* _Aim of the task_:
When you reach the line in the data below that contains "Chevrolet Spark 2015", please start repeating lines exactly, and stop after the line that contains "Nordic Ware Holiday", repeating nothing else.

* _Task inputs_:
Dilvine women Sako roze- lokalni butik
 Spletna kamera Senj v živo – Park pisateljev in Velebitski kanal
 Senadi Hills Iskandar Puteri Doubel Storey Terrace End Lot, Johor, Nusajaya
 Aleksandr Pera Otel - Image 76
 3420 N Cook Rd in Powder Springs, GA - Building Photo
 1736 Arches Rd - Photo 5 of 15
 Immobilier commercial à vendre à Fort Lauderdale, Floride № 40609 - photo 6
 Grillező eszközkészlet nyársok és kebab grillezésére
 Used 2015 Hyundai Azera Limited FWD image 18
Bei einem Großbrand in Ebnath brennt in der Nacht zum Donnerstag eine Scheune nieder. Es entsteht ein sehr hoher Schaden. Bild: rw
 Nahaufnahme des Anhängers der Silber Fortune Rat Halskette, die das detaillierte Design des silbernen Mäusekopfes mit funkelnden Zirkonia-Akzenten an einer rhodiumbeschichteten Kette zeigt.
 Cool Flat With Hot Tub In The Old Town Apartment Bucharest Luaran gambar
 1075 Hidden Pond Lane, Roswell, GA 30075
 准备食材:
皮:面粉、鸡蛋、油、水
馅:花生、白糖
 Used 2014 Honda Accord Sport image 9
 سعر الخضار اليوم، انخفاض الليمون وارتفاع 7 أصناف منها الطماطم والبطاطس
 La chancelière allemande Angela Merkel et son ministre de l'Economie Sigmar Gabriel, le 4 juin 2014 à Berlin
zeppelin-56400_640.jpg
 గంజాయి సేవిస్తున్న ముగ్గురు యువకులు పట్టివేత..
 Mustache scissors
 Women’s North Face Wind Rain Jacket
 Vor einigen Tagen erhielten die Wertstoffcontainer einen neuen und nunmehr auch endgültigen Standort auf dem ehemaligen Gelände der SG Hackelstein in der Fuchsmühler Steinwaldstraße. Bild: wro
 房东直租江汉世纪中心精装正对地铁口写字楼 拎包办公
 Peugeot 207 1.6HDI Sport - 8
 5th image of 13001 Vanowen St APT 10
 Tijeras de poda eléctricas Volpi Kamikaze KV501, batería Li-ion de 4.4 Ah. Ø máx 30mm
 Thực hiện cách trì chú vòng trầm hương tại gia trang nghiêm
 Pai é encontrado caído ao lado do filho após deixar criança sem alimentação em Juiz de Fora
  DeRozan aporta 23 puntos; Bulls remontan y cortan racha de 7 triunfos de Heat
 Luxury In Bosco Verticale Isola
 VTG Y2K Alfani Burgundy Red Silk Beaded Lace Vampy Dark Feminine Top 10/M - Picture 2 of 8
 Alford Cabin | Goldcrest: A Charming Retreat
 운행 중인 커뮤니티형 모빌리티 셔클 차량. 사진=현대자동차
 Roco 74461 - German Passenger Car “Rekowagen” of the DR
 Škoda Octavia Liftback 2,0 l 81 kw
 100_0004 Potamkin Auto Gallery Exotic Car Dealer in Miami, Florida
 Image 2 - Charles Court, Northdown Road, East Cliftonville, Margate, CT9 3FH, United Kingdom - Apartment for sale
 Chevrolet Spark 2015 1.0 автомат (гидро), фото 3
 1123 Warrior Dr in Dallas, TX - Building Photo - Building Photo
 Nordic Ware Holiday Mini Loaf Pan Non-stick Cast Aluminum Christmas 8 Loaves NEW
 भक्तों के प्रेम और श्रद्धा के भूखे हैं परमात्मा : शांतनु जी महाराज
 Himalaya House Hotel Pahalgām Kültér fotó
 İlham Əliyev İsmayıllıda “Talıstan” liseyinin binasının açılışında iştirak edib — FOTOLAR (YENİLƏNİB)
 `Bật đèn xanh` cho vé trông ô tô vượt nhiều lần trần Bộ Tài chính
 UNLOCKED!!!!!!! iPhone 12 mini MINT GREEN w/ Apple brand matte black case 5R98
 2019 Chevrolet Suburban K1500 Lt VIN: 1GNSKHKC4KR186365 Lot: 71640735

* _Response area_:
 Chevrolet Spark 2015 1.0 автомат (гидро), фото 3
 1123 Warrior Dr in Dallas, TX - Building Photo - Building Photo
 Nordic Ware Holiday Mini Loaf Pan Non-stick Cast Aluminum Christmas 8 Loaves NEW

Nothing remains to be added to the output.